Many bioplastics used today — such as bio-polyethylene — are chemically the same as other plastics, just made from a different source. They’re made from plant carbon instead of from fossil fuel carbon, but they may behave exactly like all other plastic. If they’re still single use, is that any better?

There’s a lot of work going into alternative products, but we need to be careful that they’re actually better for our health and the environment.

How is the plastics treaty (see box) coming along?

It’s going to take a lot of discussion, and I will be delighted if it happens this year, but realistically, I think it is going to take a little bit more time. It is difficult to get nations to agree to firm action, because a lot of it comes down to money — both the money to be made from manufacturing plastic, and the money it costs to deal with waste.

This is an amazing opportunity that we have, where globally we can have a unified decision on how to protect our planet. The treaty needs to be ambitious, it needs to be specific, and it needs to be binding.

Is it reasonable to think that some plastics might be banned?

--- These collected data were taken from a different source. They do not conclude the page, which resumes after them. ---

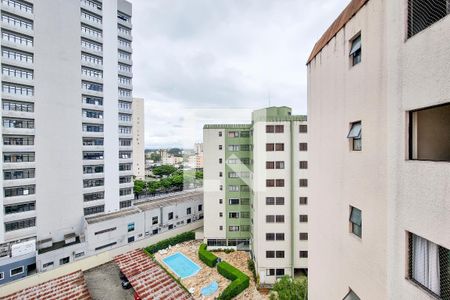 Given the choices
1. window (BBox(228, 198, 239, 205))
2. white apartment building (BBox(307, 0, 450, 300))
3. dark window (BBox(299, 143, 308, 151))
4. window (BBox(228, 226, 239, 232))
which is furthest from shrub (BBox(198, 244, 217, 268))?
white apartment building (BBox(307, 0, 450, 300))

Legislation has already banned some plastics and additives in some countries or regions. Our lab quantified microbeads in beauty products: We found that 3 million microbeads could be in a bottle of facial scrub. So there can be thousands in a squirt on your hand. We took this research, we published it, and then one day I came in to work and I had so many emails in my inbox from journalists. It was making quite a stir. And there were campaigns like “Beat the microbead,” because consumers didn’t want to wash their faces with plastic.

So the consumers started to boycott the products, then industry voluntarily removed microbeads and showcased that information in their own marketing. And then governments around the world started to ban microbeads in facial scrubs.

Research is all about providing information. And then, with that information, people can take it forward and make a change. I feel very privileged to be in a position that I can be part of that.

If you were in charge, would you ban specific plastics or chemicals?

I’d flip the question on its head and ask: What would I keep? We don’t need all the plastic we make. And instead of using a big chemical cocktail of additives that we don’t know anything about, let’s just have a list of the chemicals that we can use.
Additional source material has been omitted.